Régionales: dernières tractations et reprise de la pêche aux électeurs

Publié le à Paris (AFP)

Dernière ligne droite: les candidats encore en lice pour le 2d tour des élections régionales et départementales mènent mardi les dernières tractations, tout en poursuivant la campagne pour tenter de remobiliser les électeurs qui ont massivement boudé dimanche.

La limite est fixée à 18h00 pour le dépôt des listes en préfecture. D'ici là, place aux ultimes discussions pour négocier alliances, fusions ou retraits de listes en vue du second tour dimanche.

Dans la plupart des régions, les jeux sont faits depuis lundi, au moins sur ce plan-là. Il reste néanmoins à convaincre cette fois-ci les électeurs de se rendre aux urnes après le record d'abstention du premier tour.

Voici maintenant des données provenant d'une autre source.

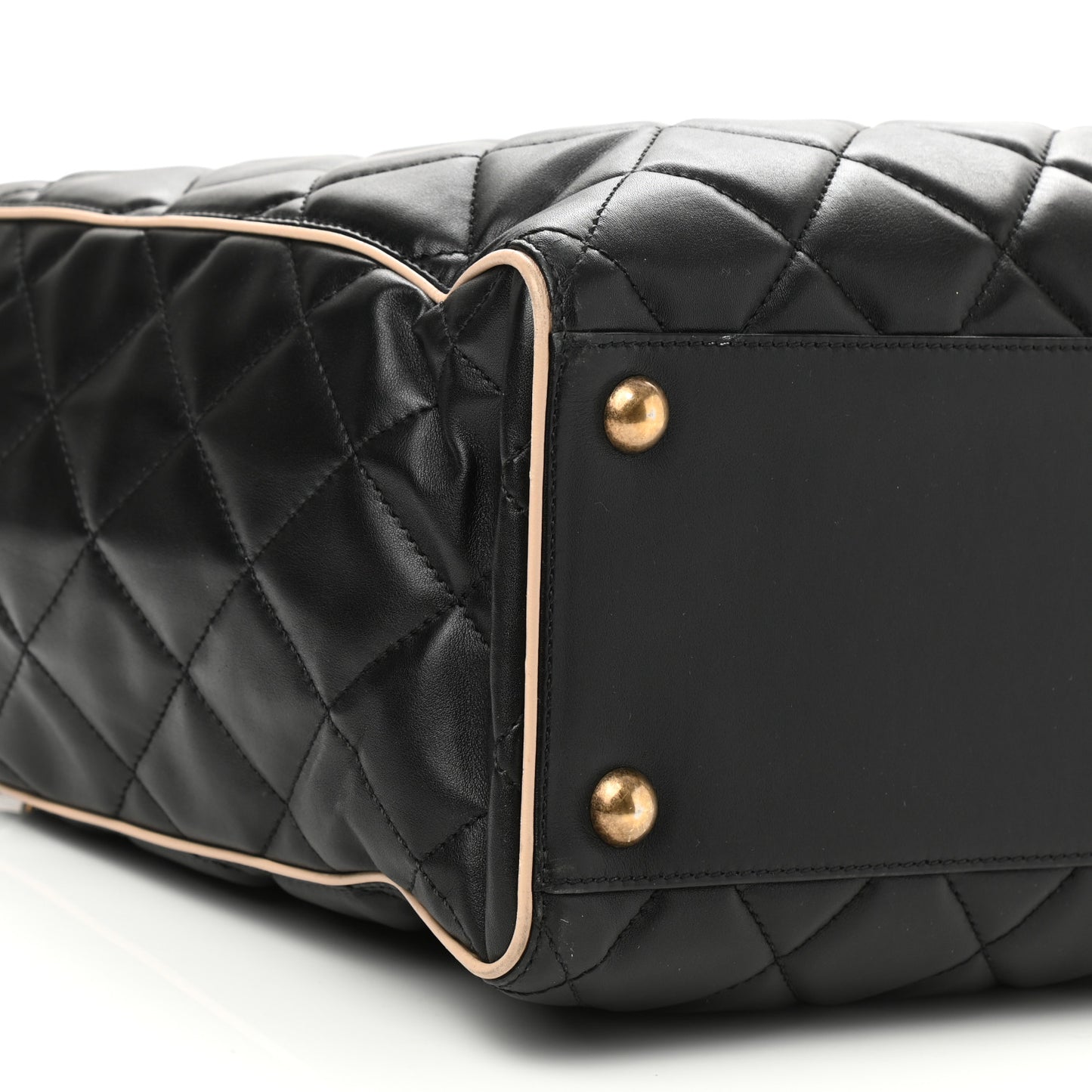 Lambskin Portobello Tote Black Beige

En Paca, une des régions sous les projecteurs avec le duel entre le candidat RN Thierry Mariani (36,38% au premier tour) et le président sortant (LR) Renaud Muselier (31,91%), ce dernier essaie aussi d'attirer à lui les électeurs du candidat écologiste de l'union de la gauche Jean-Laurent Félizia, qui, sous la pression, a finalement retiré sa liste (16,89%).

- Main tendue -

M. Muselier a promis mardi sur LCI qu'en cas de victoire, la gauche pourrait "déposer des motions" et s'exprimer dans l'hémicycle du conseil.

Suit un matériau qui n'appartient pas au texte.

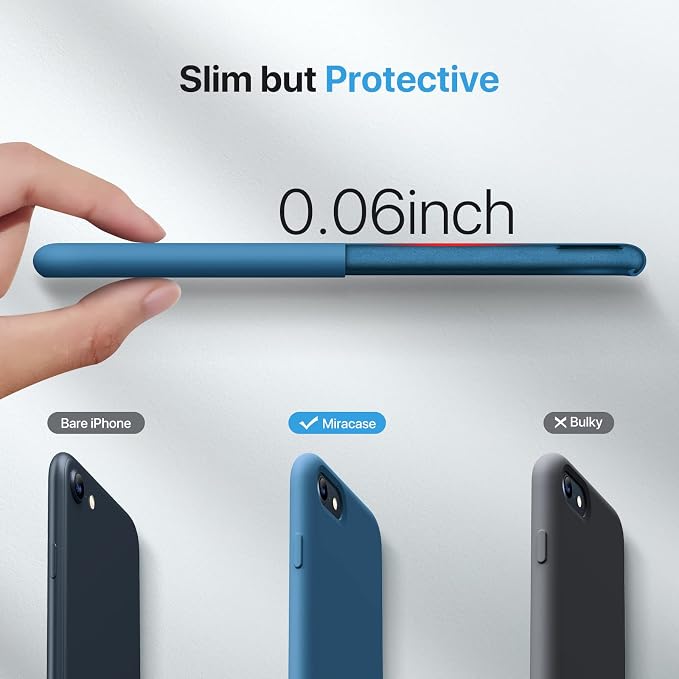 Miracase Silicone for iPhone SE 2022/SE 2020/7/8 Case,Capri Blue | Ultra Slim Cover with Screen Protector, Soft Microfiber Lining, Multi-Color Premium Silicone Shockproof Phone Case - Image 3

Grosse bataille de remobilisation des électeurs aussi en Ile-de-France. "On peut l'emporter dimanche à la condition que les gens se déplacent pour aller voter", a résumé sur France Inter Julien Bayou, tête de liste EELV d'une gauche désormais rassemblée après que M. Bayou (12,95%) a devancé Audrey Pulvar (PS, 11,07%) et Clémentine Autain (LFI/PCF, 10,24%) dans une "primaire" de gauche très serrée.

La sortante Valérie Pécresse (ex-LR), arrivée largement en tête avec 35,94%, se présente sur France Inter comme le "seul rempart contre la gauche extrême" et "appelle à la mobilisation de tous les Républicains sincères", pour "faire rempart aux idées de monsieur Mélenchon", car "ça n'est pas gagné".

Mais pour le candidat LREM Laurent Saint-Martin, c'est un faux suspense. "Valérie Pécresse ne pense pas ce qu'elle dit, si elle pensait réellement ne pas pouvoir être réélue, elle aurait fait des propositions d'alliance d'entre deux tours pour assurer la réélection", a estimé sur Sud Radio le député LREM, qui reste donc en lice, tout comme le RN Jordan Bardella.

La stratégie de maintien des candidats LREM fait aussi des vagues en Bourgogne-France-Comté, où le patron du PS Olivier Faure a appelé mardi Denis Thuriot (11,69%) à se retirer du second tour des régionales au vu du risque selon lui de voir le RN ravir la région à la présidente PS sortante.

Marie-Guite Dufay, arrivée dimanche en tête du premier tour avec 26,52% des suffrages avec sa liste PS-PCF-PRG, a annoncé lundi s'allier pour le second tour à l'écologiste Stéphanie Modde (10,34% au premier tour) pour contrer le candidat RN Julien Odoul (23,19%).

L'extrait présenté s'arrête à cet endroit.